C’est exactement dans ce cercle vicieux que Séverine est tombée. Belle de Jour n’a rien à voir avec la libération sexuelle ou l’affranchissement de la société puritaine comme tente de nous le démontrer Nora Bossong dans son livre Rotlicht. Belle de Jour ne met pas en scène une femme qui éprouve un quelconque plaisir au masochisme mais au contraire, ce film est l’allégorie du symptôme d’une femme traumatisée qui a été sexuellement violentée dans son enfance.

Et aujourd’hui, la grande dame Catherine Deneuve dénonce la campagne Metoo, elle s’adresse à la nation et met en garde de différencier entre le viol et le « juste » fait d’importuner. Elle souhaite protéger la liberté sexuelle et décrit cette campagne comme étant une forme de totalitarisme et de retour du puritanisme.

Le film Belle de Jour, réalisé en 1967, montre dans les détails subtils toutes les réactions traumatiques d’une femme qui a été victime de violences sexuelles dans son enfance. À une époque où la psychotraumatologie était encore à ses débuts, ce film est une étape importante mais demeure malheureusement souvent mal compris. Non seulement par le public mais par Catherine Deneuve elle-même qui incarne le personnage de Séverine et pense qu’elle se libère dans le film.

Ce film ne met en aucun cas sa libération en scène, il nous montre sa mort. Catherine Deneuve reste cloisonnée au rôle de Séverine qui ne comprend pas ce qu’elle fait. Pour des millions de femmes qui ont eu beaucoup de mal à parler de leurs agressions sexuelles et viols et n’auraient probablement pas osé sans le bouclier de Metoo, la prise de position de Catherine Deneuve est vécue comme une claque en pleine figure et une trahison envers la cause des femmes. Tout le monde est libre de rester aveugle, mais on n’a pas le droit de forcer autrui à détourner le regard de la vérité.

Dr. Ingeborg Kraus
Psychologue et experte en psychotraumatologie
Initiatrice du manifeste «Psychologues allemands et le cas scientifique contre la prostitution»

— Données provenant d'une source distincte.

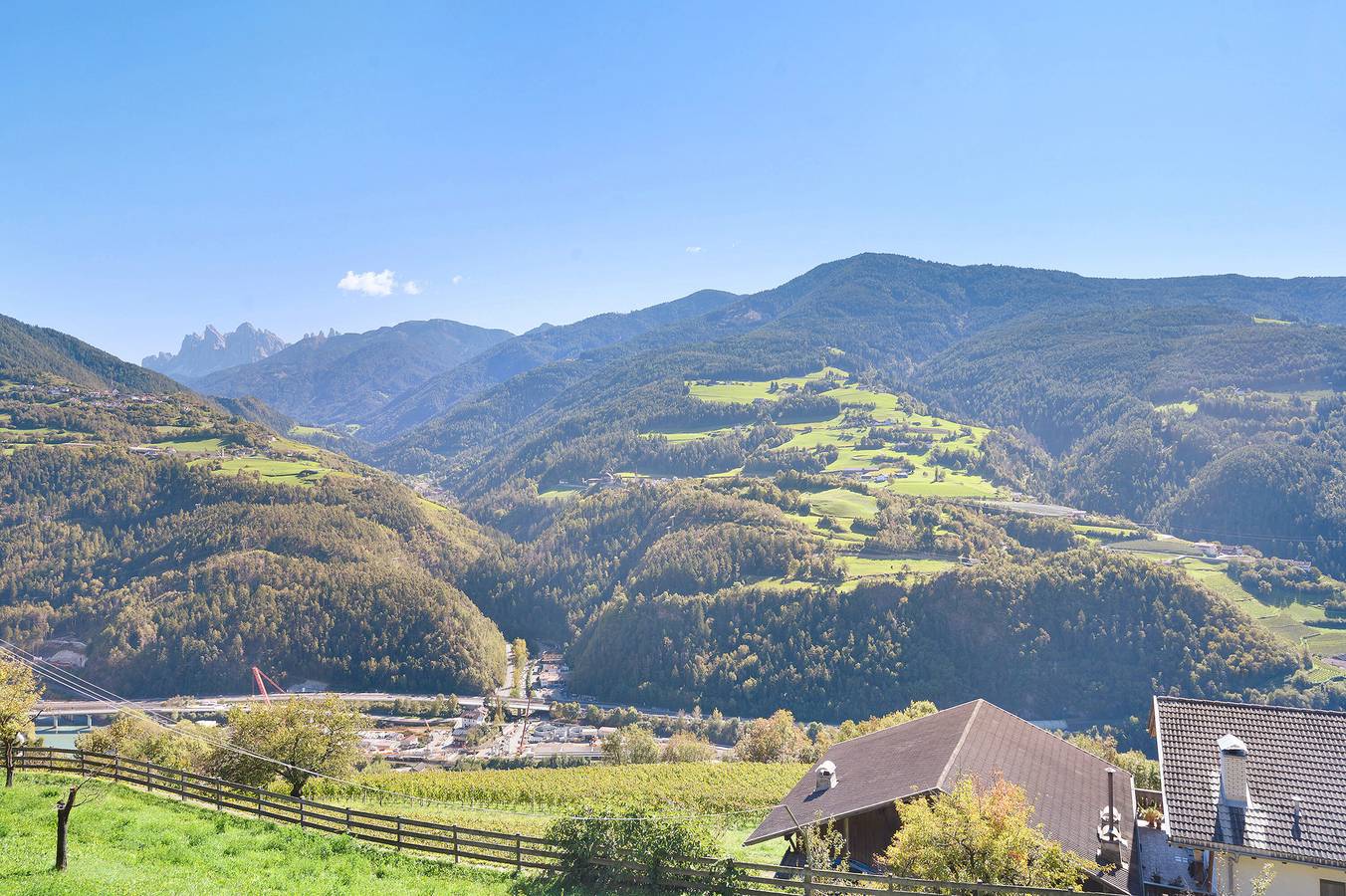 Ganze Wohnung, Ferienwohnung 'Oberhemberger Hof Oanser' mit Bergblick, Gemeinschaftsterrasse und Wi-Fi in Feldthurns, Dolomiti Superski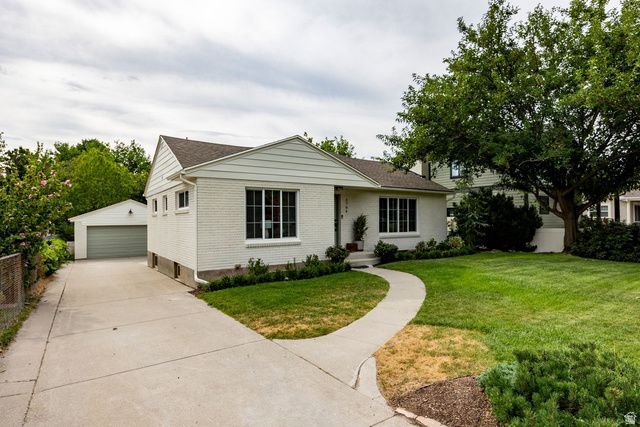 3704 S 2455 E, Salt Lake City, UT 84109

Karlsruhe/Allemagne, le 14.02.2018

Traduction: Mathilde Karceles

 

 

2 réflexions au sujet de « Belle de Jour et Catherine Deneuve – Le rôle de sa vie »

  1. Cranz

    Très bel article, qu’en est-il des filles qui ont conscientise leur traumatisme et qui continuent de se sentir coupable et donc continuent de se punir ?
    Merci pour cet écrit et pour votre réponse

    1. Ingeborg Kraus Auteur de l’article

      La culpabilité et la honte ne s´envole pas automatiquement lorsque le traumatisme est conscientisé. Par une thérapie on peut dépasser ces sentiments inversés, que devraient ressentir les coupables normalement.